Seven Deadly Sins is David Walsh’s account of his pursuit of Lance Armstrong. It’s a very personal account. At times a far too personal account as Walsh allows his feelings to spill over in to the narrative. It’s part of what the book is all about of course but I preferred the more dispassionate elements to the sections where Walsh allows his feelings to intrude. It’s not an easy story for me, as a cycling fan, to follow. Performance enhancing drugs have been prevalent in the peloton for years but the late 90’s and early 2000’ saw it really explode. Seven Deadly Sins concentrates on Armstrong. But there is so much more to this than just him. So many more people involved at all levels and in all areas. Armstrong was a bad guy of course but in the single minded determination to take him down others have got away with things along the way – the whole host of riders who recently served short term bans during the off season in return for testimony spring to mind. Someday, hopefully, there will be a proper conclusion to all this. And with the benefit of time and distance someone will write the definitive account of this whole era. Walsh’s book is good. But that book will be so much better.
A couple of years ago Mark Cavendish won the road world championship for Great Britain.
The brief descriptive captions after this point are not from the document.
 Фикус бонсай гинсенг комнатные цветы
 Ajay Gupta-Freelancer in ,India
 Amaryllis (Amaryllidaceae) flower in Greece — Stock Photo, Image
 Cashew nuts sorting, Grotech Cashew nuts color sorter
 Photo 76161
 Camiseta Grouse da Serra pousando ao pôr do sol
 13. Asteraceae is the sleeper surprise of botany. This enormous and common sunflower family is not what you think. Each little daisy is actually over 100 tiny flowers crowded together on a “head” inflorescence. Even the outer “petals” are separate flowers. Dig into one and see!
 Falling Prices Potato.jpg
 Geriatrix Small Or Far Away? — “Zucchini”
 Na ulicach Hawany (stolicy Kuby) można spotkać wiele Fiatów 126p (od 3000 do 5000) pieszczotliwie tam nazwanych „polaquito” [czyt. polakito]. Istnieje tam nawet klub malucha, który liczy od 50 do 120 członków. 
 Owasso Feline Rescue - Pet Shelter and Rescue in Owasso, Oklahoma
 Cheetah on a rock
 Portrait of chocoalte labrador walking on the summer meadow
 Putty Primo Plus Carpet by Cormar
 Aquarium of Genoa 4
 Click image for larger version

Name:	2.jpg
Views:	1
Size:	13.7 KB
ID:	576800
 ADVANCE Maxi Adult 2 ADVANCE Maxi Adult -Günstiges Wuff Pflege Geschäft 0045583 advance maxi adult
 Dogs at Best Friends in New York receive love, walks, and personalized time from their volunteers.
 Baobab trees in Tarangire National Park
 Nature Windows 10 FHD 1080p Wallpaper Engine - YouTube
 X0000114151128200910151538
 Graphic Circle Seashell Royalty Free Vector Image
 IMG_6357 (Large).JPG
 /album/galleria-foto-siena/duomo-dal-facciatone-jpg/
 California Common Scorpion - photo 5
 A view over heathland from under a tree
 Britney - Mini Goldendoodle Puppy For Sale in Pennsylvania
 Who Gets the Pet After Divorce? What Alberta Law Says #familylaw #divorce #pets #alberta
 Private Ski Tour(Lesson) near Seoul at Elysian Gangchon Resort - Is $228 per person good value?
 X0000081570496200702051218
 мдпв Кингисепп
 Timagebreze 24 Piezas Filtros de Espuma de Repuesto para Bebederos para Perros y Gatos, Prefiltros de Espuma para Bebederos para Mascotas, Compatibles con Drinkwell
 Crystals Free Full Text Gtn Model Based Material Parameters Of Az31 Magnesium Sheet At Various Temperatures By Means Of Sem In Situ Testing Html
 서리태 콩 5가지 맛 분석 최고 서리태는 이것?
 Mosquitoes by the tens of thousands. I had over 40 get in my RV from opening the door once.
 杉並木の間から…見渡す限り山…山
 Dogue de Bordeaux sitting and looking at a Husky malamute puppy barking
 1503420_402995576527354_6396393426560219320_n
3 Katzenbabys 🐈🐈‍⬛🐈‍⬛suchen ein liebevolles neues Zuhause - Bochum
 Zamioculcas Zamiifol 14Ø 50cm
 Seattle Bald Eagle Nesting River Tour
This book charts that process by the man who helped to mastermind it. I found it an amazing insight in to how British cycling reshaped itself in order to achieve on the road. I may be biased (turns out Ellingworth is from Burnley) but I thought he was refreshingly honest about what went well and what mistakes he made along the way. Some interesting nuggets to take away about how to organise yourself or a team in order to achieve a goal.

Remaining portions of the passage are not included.